5.1 Summary: Choosing Your Model

When deciding between the Ordinal Probit and Rank Likelihood approaches, consider the trade-off between granularity (knowing the cut-points) and robustness (making fewer assumptions).

The Convergence of Results

When the number of categories \(K\) is small and the sample size \(n\) is large, the two models typically yield nearly identical posterior distributions for \(\underline{\beta}\). As \(n \to \infty\), the information provided by the rank constraints \(R(\underline{y})\) becomes equivalent to the information provided by the estimated thresholds \(g_k\).


Comparison Matrix

Feature Ordinal Probit Rank Likelihood
Primary Goal Prediction of specific categories. Understanding covariate effects \((\underline{\beta})\).
Parameters Estimates \(\underline{\beta}\) and thresholds \(g_k\). Estimates \(\underline{\beta}\) only.
Assumptions Assumes \(g_k\) are fixed, meaningful boundaries. Assumes only the order of \(Y\) is meaningful.
Flexibility Rigid; sensitive to how categories are defined. “Transformation-invariant” to the scale of \(Y\).

Decision Guide

Choose Ordinal Probit if:

  • Thresholds Matter: You need to interpret the “distance” between categories (e.g., how much harder is it to get a Graduate degree vs. a Bachelor’s?).
  • Predictive Probabilities: You need to calculate \(Pr(Y_i = k \mid \mathbf{x}_i)\).
  • Data Structure: You have few categories (small \(K\)) and a massive dataset.

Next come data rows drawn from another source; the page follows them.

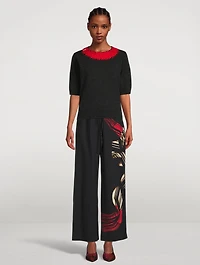 Tamsen Embellished Wool Sweater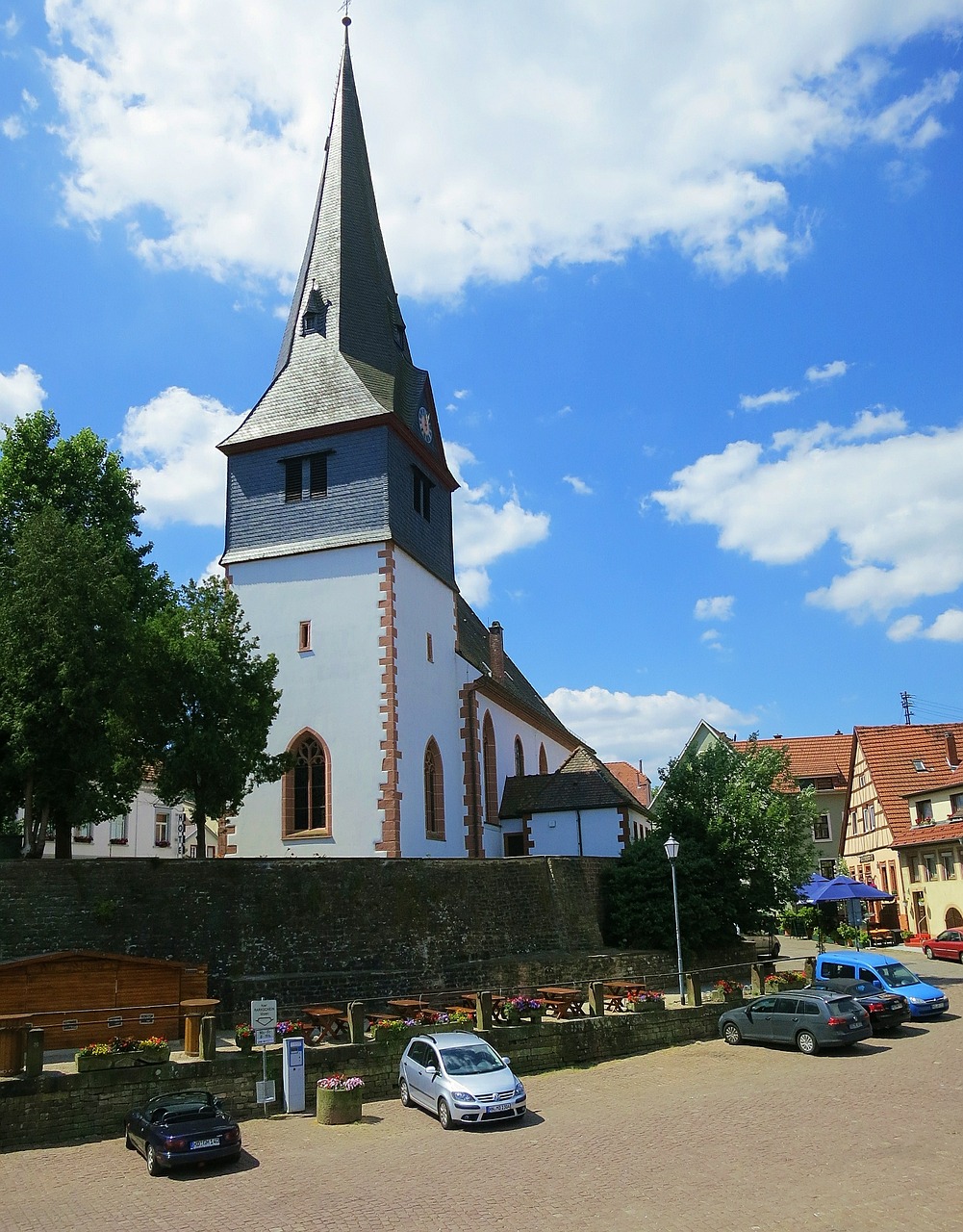 neckargemünd church heidelberg free photo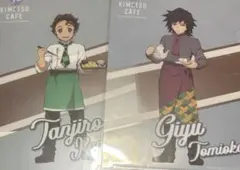 鬼滅の刃　スイーツパラダイス　クリアファイル　竈門炭治郎　冨岡義勇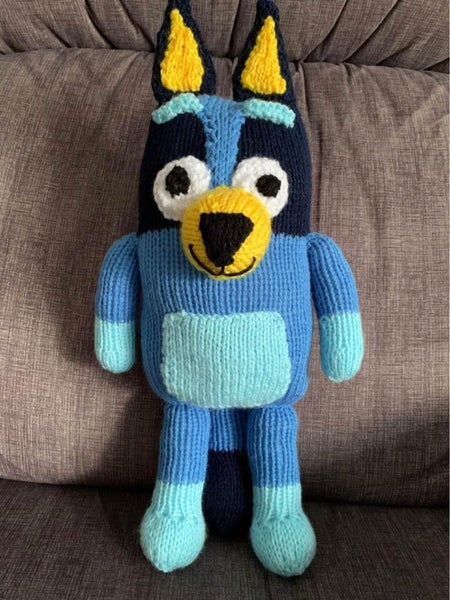 Hand Knitted Toy - Bluey Carousel 1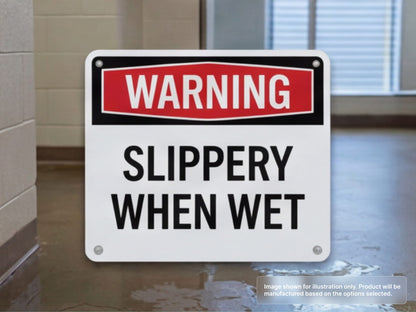 Warning Caution Custom Aluminum Signs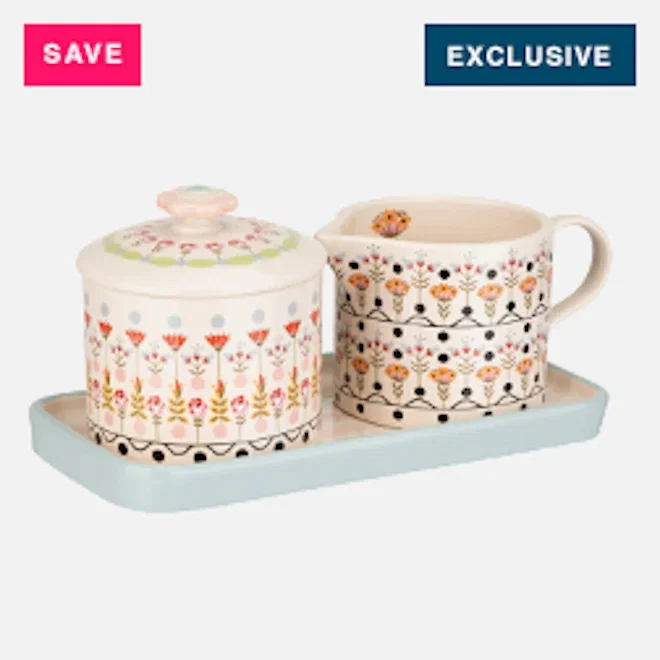 Cath Kidston Painted Table Sugar & Milk Jug Set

Choose Rank Likelihood if:

  • Scale Invariance: The categories are somewhat arbitrary (e.g., “Satisfied” vs. “Very Satisfied”) and you don’t want your \(\beta\) estimates to depend on the specific labeling.
  • Complexity: \(K\) is very large (approaching a continuous scale), making the estimation of \(K-1\) thresholds computationally expensive or unstable.
  • Robustness: You want a “semi-parametric” feel—focusing purely on the relationship between predictors and the latent propensity \(Z\).

Key Takeaway:

Rank likelihood is essentially the “lazy” (but often more robust) cousin of the ordinal probit. It skips estimating \(g\) while still giving you the same inference on your predictors.